In Computer Science, a regular expression is a string that is used to describe sets, or subsets of character strings, using certain syntactic rules. Regular expressions represent a kind of filter criterion for texts, by matching the respective regular expression with the text. For example, it is possible to match all the words beginning with S and ending with d without having to explicitly specify the intervening letters. The regular expression for that would be: S.*d

  • Characters which are directly matched are also directly specified.

  • An arbitrary character is represented by a .

  • A character selection is represented by [abc]. A range can also be specified, e.g. by [a-zA-Z]

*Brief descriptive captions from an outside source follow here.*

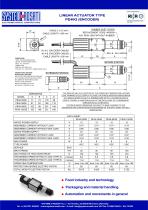 Catalogue linear actuator with electronic control units - 5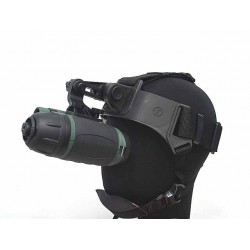 Yukon NVMT 1x24 Night Vision Goggle Monocular with Head Gear Kit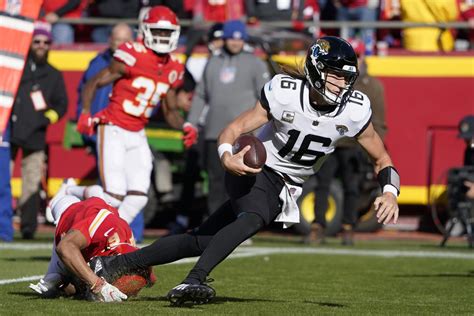 Jacksonville Jaguars Vs Kansas City Chiefs Odds For Nfl Playoff Game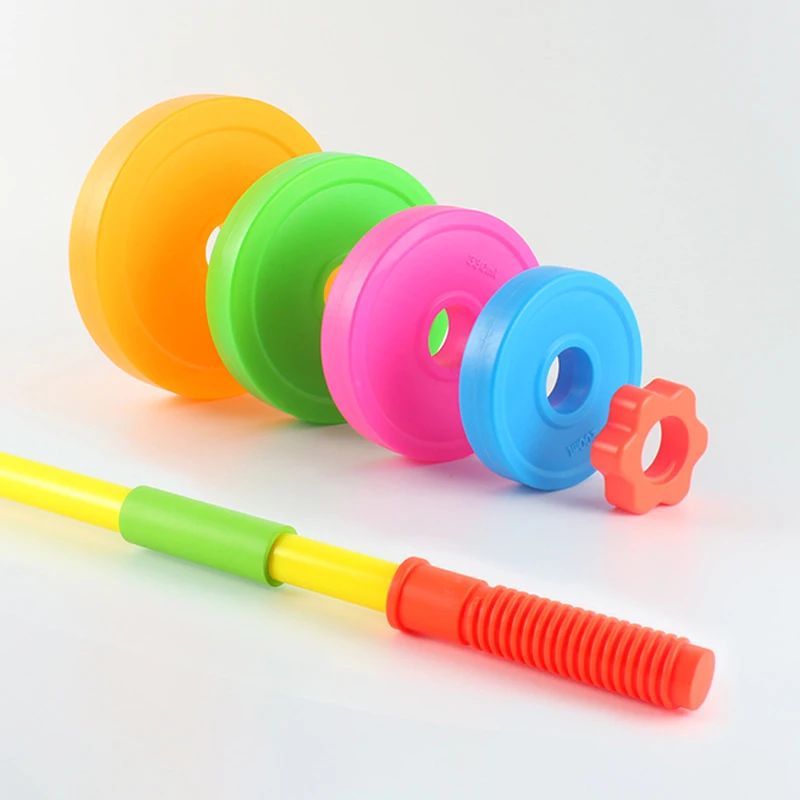 Set di manubri e bilanciere re - Sports Equipment Images recensione e prezzo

Quantifiers can be used for the preceding expression, to be allowed in a variety of multiplicities in the string.


?

The preceding expression is optional. It may occur once, but it does not have to, i. e. the expression does not occur or once.

+

The preceding expression must occur at least once, but it may also occur several times.

*

The preceding expression may occur any number of times (including zero times).

{n}

The preceding expression must occur exactly n times.

{min,}

The preceding expression must occur at least min times.

{,max}

The preceding expression can occur a maximum of max times.

{min,max}

The preceding expression must occur at least min times and can occur a maximum of max times.


Regular expressions always work line by line. If a regular expression is to go over several lines of text, the operator (?s) must be prefixed.

Tools


There is a plugin to support the development of regular expressions. On the Internet, you will find numerous tutorials and tips to learn more about regular expressions.